Why might you need semi-synchronous replication?

Hi all. Vladislav Rodin is in touch. I currently teach courses on Software Architecture and High-Stress Software Architecture at OTUS. In anticipation of the start of a new course flow "Architect of high loads" I decided to write a short piece of original material that I want to share with you.

Why might you need semi-synchronous replication?

Introduction

Due to the fact that the HDD can only perform about 400-700 operations per second (which is incomparable with typical rps on a high-load system), the classic disk database is the bottleneck of the architecture. Therefore, it is necessary to pay special attention to the scaling patterns of this storage.

Currently, there are 2 database scaling patterns: replication and sharding. Sharding allows you to scale the write operation and, as a result, reduce the rps per write per server in your cluster. Replication allows you to do the same thing, but with read operations. It is this pattern that this article is devoted to.

Replication

If you look at replication at a very high level, it’s a simple thing: you had one server, there was data on it, and then this server could no longer cope with the load of reading this data. You add a couple more servers, synchronize data across all servers, and the user can read from any server in your cluster.

Despite its apparent simplicity, there are several options for classifying various implementations of this scheme:

  • By roles in the cluster (master-master or master-slave)
  • By objects sent (row-based, statement-based or mixed)
  • According to the node synchronization mechanism

Today we will deal with point 3.

How does a transaction commit occur?

This topic is not directly related to replication; a separate article can be written on it, but since further reading is useless without understanding the transaction commit mechanism, let me remind you of the most basic things. A transaction commit occurs in 3 stages:

  1. Logging a transaction to the database log.
  2. Using a transaction in a database engine.
  3. Returning confirmation to the client that the transaction was successfully applied.
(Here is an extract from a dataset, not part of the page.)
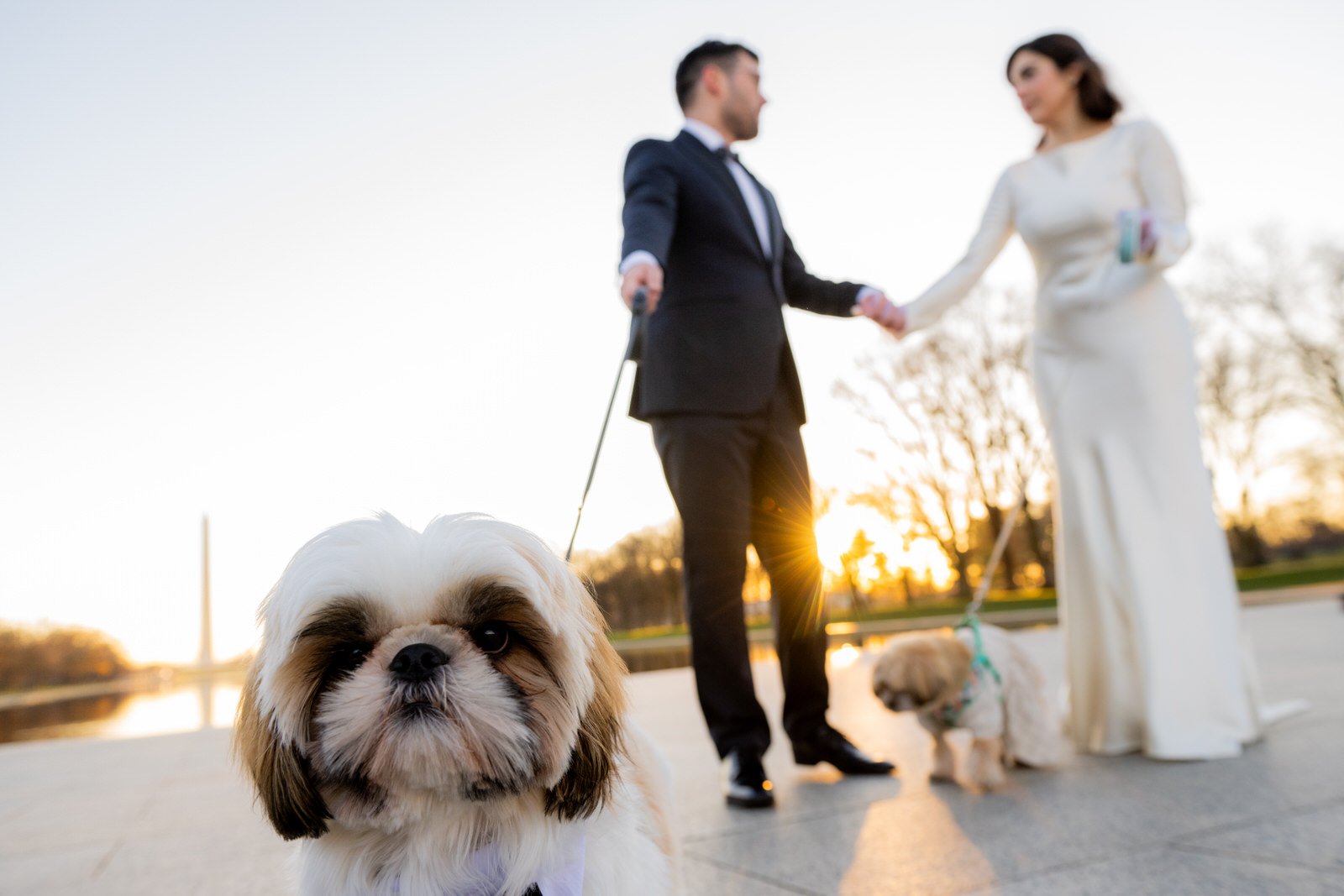 DC_Lincoln_Memorial_Elopement_P&P_Washington_Memorial-6513.jpg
In different databases, this algorithm may have nuances: for example, in the InnoDB engine of the MySQL database there are 2 logs: one for replication (binary log), and the other for maintaining ACID (undo/redo log), while in PostgreSQL there is one log that performs both functions (write ahead log = WAL). But what is presented above is precisely the general concept, which allows such nuances not to be taken into account.

Synchronous (sync) replication

Let's add logic to replicate the received changes to the transaction commit algorithm:

  1. Logging a transaction to the database log.
  2. Using a transaction in a database engine.
  3. Sending data to all replicas.
  4. Receiving confirmation from all replicas that a transaction has been completed on them.
  5. Returning confirmation to the client that the transaction was successfully applied.

With this approach we get a number of disadvantages:

  • the client waits for the changes to be applied to all replicas.
  • as the number of nodes in the cluster increases, we decrease the likelihood that the write operation will be successful.

If everything is more or less clear with the 1st point, then the reasons for the 2nd point are worth explaining. If during synchronous replication we do not receive a response from at least one node, we roll back the transaction. Thus, by increasing the number of nodes in the cluster, you increase the likelihood that a write operation will fail.

Can we wait for confirmation from only a certain percentage of nodes, for example, from 51% (quorum)? Yes, we can, but in the classic version, confirmation from all nodes is required, because this is how we can ensure complete data consistency in the cluster, which is an undoubted advantage of this type of replication.

Asynchronous (async) replication

Let's modify the previous algorithm. We will send data to the replicas “sometime later”, and “sometime later” the changes will be applied to the replicas:

  1. Logging a transaction to the database log.
  2. Using a transaction in a database engine.
  3. Returning confirmation to the client that the transaction was successfully applied.
  4. Sending data to replicas and applying changes to them.

This approach leads to the fact that the cluster works quickly, because we do not keep the client waiting for the data to reach the replicas and even be committed.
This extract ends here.